Mayor Newsom is not in today. And will be having trouble getting into his office on Tuesday because of the absolute barricade of letters and flowers and folded up notes and stuffed animals and City Hall maps with black marked “THANK YOU!”s that have been piled up against it.
We make it to the marriage records office.
I take a picture of my now husband standing in front of a case of the marriage records for 1902-1912. Numerous kids are curled up in corners sleeping. My own memory is spotty. I just know we got the papers, and then we’re done with lines. We get out, we head to the front entrance, and we walk out onto the City Hall steps.
It's almost 3PM.
00000
There are cheers, there’s rice thrown at us, there are hundreds of people celebrating us with unconditional love and joy and I had never before felt the goodness that exists in humanity to such an extent. It’s no longer raining, just a light sprinkle, but there are still no protestors. There’s barely even any news vans.
We make our way through the gauntlet, we get hands shaked, people with signs reading ”Congratulations!” jump up and down for us. We hit the sidewalks, and we begin to limp our way back to the BART station.

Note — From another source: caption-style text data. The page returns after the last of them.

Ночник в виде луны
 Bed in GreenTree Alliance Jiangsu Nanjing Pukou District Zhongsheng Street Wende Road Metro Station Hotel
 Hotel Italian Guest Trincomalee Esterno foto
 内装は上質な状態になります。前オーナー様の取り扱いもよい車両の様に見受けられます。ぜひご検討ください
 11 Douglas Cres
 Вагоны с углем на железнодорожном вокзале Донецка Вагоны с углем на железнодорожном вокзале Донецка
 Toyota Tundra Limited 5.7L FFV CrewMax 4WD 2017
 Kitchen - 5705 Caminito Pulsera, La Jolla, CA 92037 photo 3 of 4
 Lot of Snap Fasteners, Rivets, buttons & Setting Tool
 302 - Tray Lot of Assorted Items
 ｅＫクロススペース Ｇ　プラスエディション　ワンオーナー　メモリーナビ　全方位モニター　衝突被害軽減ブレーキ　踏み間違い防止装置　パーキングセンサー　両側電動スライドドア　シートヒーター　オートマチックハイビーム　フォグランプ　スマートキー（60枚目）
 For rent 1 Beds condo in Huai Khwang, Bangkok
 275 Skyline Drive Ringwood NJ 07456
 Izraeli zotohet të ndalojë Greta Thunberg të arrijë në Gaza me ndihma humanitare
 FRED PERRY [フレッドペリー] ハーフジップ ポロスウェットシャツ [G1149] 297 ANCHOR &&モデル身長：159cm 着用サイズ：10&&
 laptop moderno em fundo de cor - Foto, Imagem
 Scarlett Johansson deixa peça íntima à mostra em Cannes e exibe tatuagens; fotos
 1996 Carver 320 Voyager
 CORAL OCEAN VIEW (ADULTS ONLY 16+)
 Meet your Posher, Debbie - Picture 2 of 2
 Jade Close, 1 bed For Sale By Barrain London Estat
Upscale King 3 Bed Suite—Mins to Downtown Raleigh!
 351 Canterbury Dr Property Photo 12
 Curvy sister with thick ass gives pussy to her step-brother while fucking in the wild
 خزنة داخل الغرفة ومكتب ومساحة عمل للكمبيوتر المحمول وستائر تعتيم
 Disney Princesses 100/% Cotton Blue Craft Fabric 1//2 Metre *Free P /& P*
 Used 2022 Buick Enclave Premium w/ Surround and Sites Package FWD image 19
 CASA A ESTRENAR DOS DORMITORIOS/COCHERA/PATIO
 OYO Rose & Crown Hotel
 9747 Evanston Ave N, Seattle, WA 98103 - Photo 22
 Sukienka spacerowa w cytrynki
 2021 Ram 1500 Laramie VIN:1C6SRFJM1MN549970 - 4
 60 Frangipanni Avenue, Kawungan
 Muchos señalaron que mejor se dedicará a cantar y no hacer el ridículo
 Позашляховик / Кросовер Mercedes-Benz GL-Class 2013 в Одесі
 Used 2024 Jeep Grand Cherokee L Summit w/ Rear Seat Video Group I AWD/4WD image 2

I’m at the BART station, we’re waiting for our train back south, and I’m sitting on the ground leaning against a pillar and in danger of falling asleep when a nondescript young man stops in front of me and shuffles his feet nervously. “Hey. I just- I saw you guys, down at City Hall, and I just… I’m so happy for you. I’m so proud of what you could do. I’m- I’m just really glad, glad you could get to do this.”
He shakes my hand, clasps it with both of his and shakes it. I thank him and he smiles and then hurries away as fast as he can without running.
Our train arrives and the trip south passes in a semilucid blur.
We get back to our car and climb in.
It’s 4:30 and we are starving.
There’s a Carls Jr near the station that we stop off at and have our first official meal as a married couple. We sit by the window and watch people walking past and pick out others who are returning from San Francisco. We're all easy to pick out, what with the combination of giddiness and water damage.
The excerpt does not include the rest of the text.